In this third article of our "Big Data & Issues & Opportunities" series (see our previous article here), we look, on the one hand, at the impact of anonymisation and pseudonymisation in a personal data protection context and, on the other hand, into the possible use of anonymisation and pseudonymisation techniques as a way to protect non-personal data.

First and foremost, it shall be noted that a discrepancy may exist between the legal and technical definitions of certain anonymisation and pseudonymisation techniques discussed in this article. For the purpose of our legal analysis, this article will rely on the legal definitions as outlined below.
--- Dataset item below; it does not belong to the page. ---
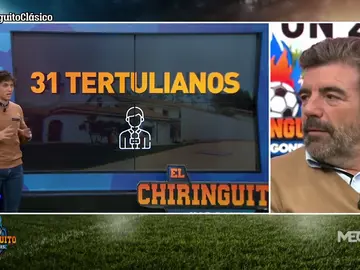 Maratón 2.0 Maratón 2.0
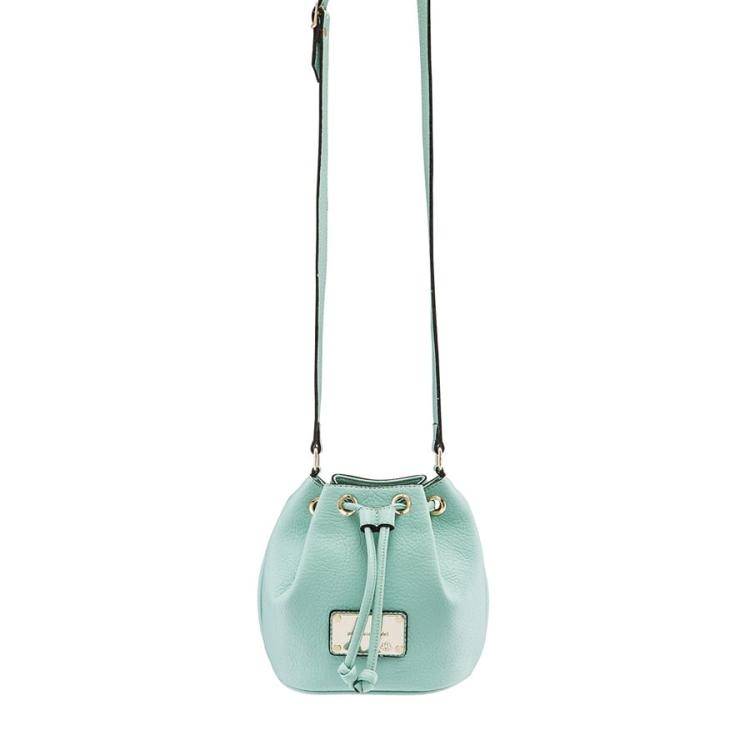 MINI COOPER Aquamarine  .jpg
Anonymisation, nowadays used as a common denominator for different types of techniques, can be described as a process by which information is manipulated (concealed or hidden) to make it difficult to identify data subjects.[1] The Oxford English Dictionary defines it as the act of removing identifying particulars or details for statistical or other purposes.

In its Opinion 05/2014 on Anonymisation Techniques, the Article 29 Working Party (the predecessor of the European Data Protection Board) discusses two different families of anonymisation techniques:[2]
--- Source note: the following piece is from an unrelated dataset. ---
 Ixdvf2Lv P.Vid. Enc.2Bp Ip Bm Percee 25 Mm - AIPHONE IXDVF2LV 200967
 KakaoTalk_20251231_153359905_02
  • Randomisation: anonymisation techniques that alter the veracity of the data in order to remove the strong link between the data and the individual. This family includes techniques such as noise addition, permutation, and differential privacy.
  • Generalisation: anonymisation techniques that generalise, or dilute, the attributes of data subjects by modifying the respective scale or order of magnitude. This family includes techniques such as aggregation or K-anonymity, L-diversity, and T-closeness.

Pseudonymisation as a specific technique has gained attention more recently with its explicit codification into the General Data Protection Regulation[3] (hereinafter "GDPR"). Indeed, the GDPR now specifically defines pseudonymisation as a technique of processing personal data in such a way that it can no longer be attributed to a specific individual without the use of additional information, which must be kept separately and subject to technical and organisational measures to ensure that the personal data are not attributed to an identified or identifiable natural person.[4]
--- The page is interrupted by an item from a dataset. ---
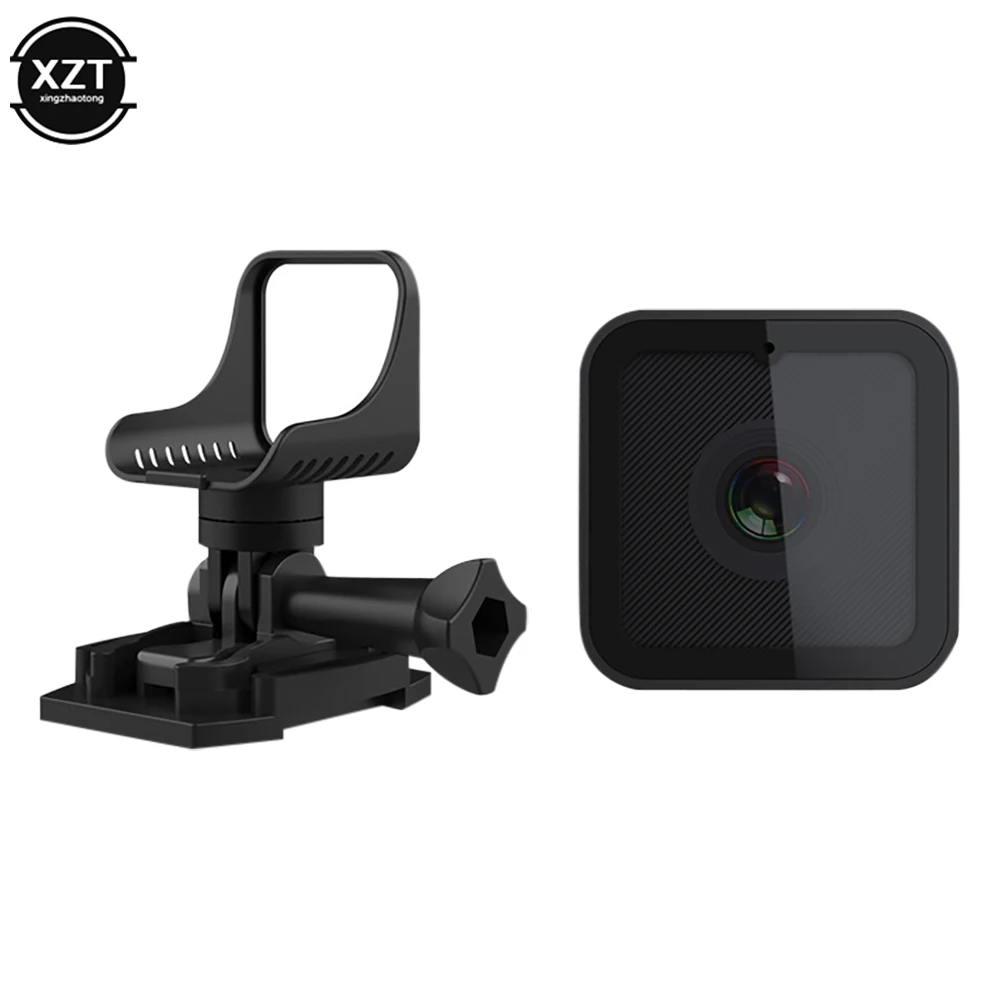Fashion Sport Camera 12M Waterproof Wireless Wifi Ultra Smart HD Outdoor Waterproof Camera 4K Sports DV 4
The Article 29 Working Party had however already discussed it in its Opinion 05/2014 on Anonymisation Techniques, and notably gave the following examples of pseudonymisation techniques:[5]

  • Encryption with secret key: a technique whereby plain text is changed into unintelligible code and the decryption key is kept secret.
  • Deterministic encryption with deletion of the key: a technique whereby a random number is selected as a pseudonym for each attribute in a database and the correspondence table is subsequently deleted.
  • Hashing: A technique that consists of irreversibly mapping input of any size to a fixed size output. In order to reduce the likelihood of deriving the input value, salted-hash functions or keyed-hash functions with stored or deleted key may be used.
  • Tokenisation: A technique that consists of replacing card ID numbers by values that have reduced usefulness for an attacker.

The techniques and their respective definitions discussed above demonstrate the techniques' importance in a personal data protection context. However, on the basis of our research, we believe that anonymisation and pseudonymisation techniques may prove to be apt instruments to protect non-personal information in a technical manner.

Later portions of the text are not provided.